(Records from a dataset)
───

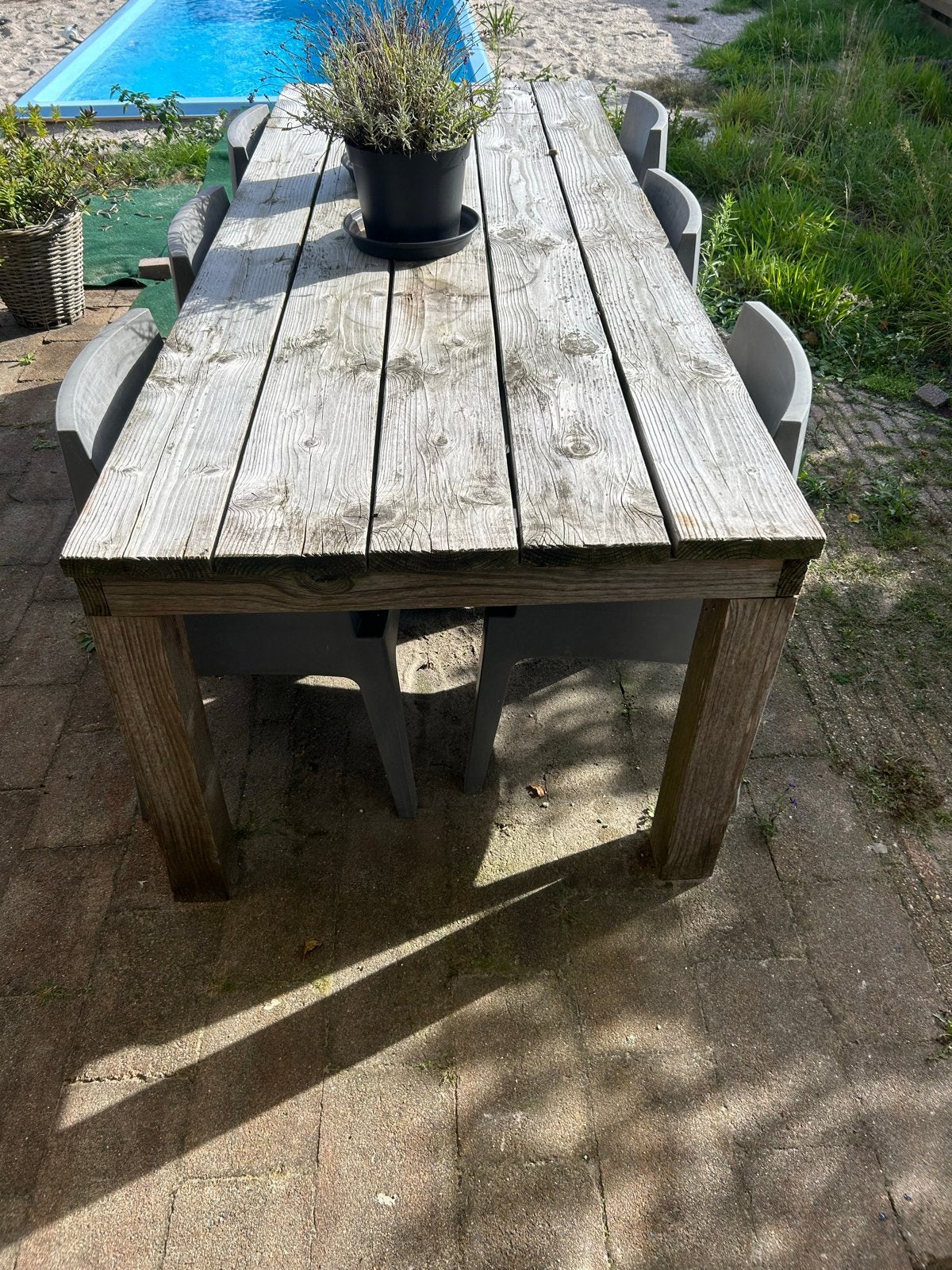 Robuuste houten tuintafel met 6 stoelen, Tuin en Terras, Gebruikt, Eettafel, 6 zitplaatsen, Ophalen of Verzenden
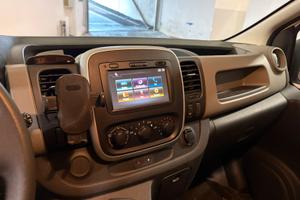 Furgone nissan nv 300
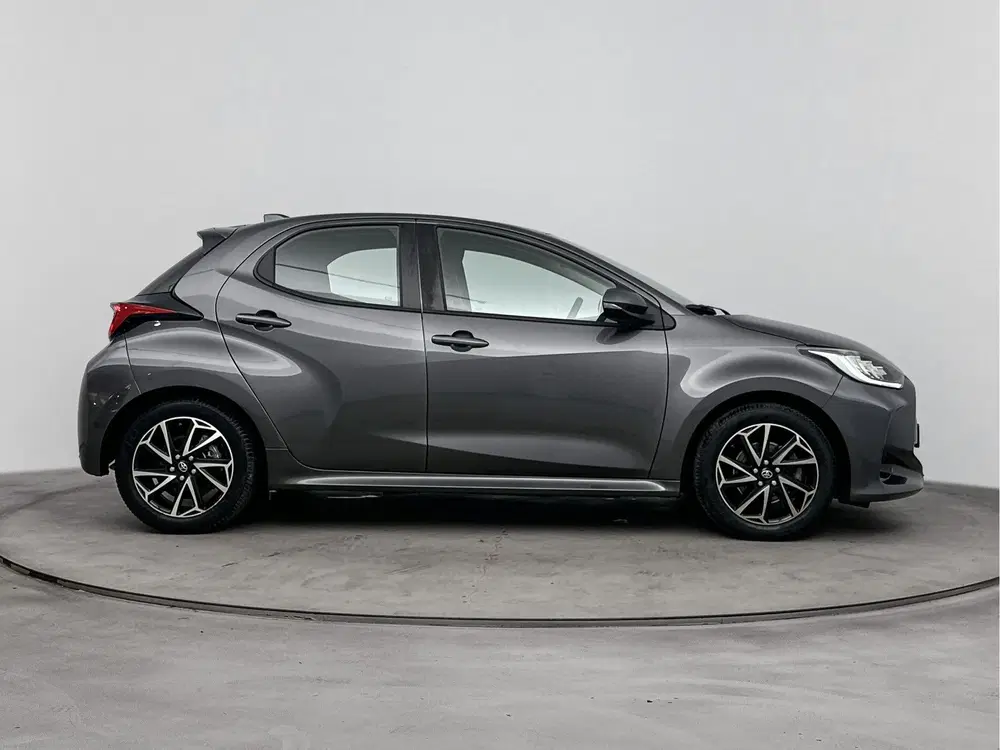 Toyota Yaris 1.5 Hybrid 115 First Edition uit 2022, foto 11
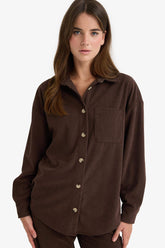 Loose corduroy shirt with a shirt collar and long sleeves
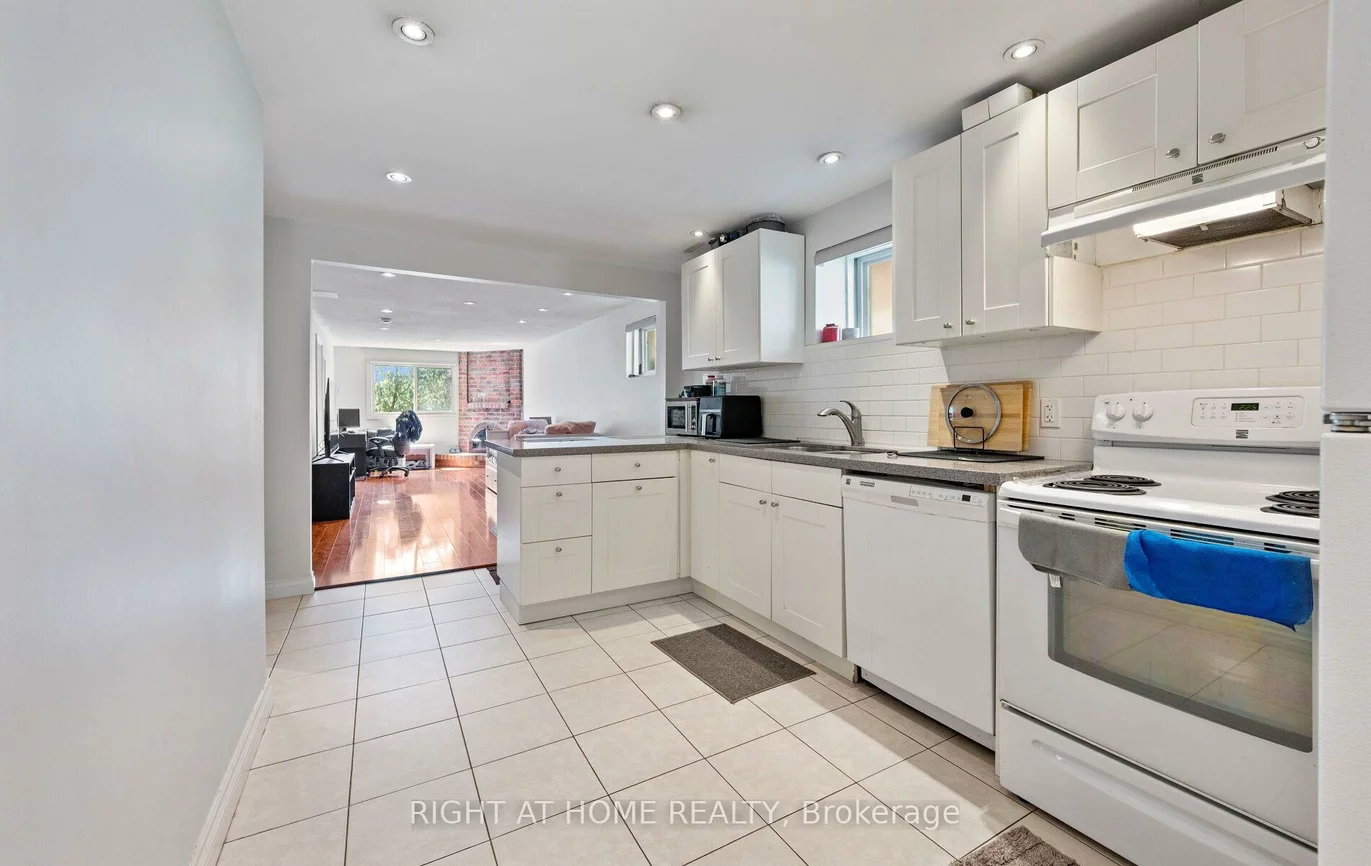 203, Robert Hicks, Westminster-Branson, Toronto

───

Return the data exactly. Do not carry over any images.

 Robuuste houten tuintafel met 6 stoelen, Tuin en Terras, Gebruikt, Eettafel, 6 zitplaatsen, Ophalen of Verzenden
 Furgone nissan nv 300
 Toyota Yaris 1.5 Hybrid 115 First Edition uit 2022, foto 11
 Loose corduroy shirt with a shirt collar and long sleeves
 203, Robert Hicks, Westminster-Branson, Toronto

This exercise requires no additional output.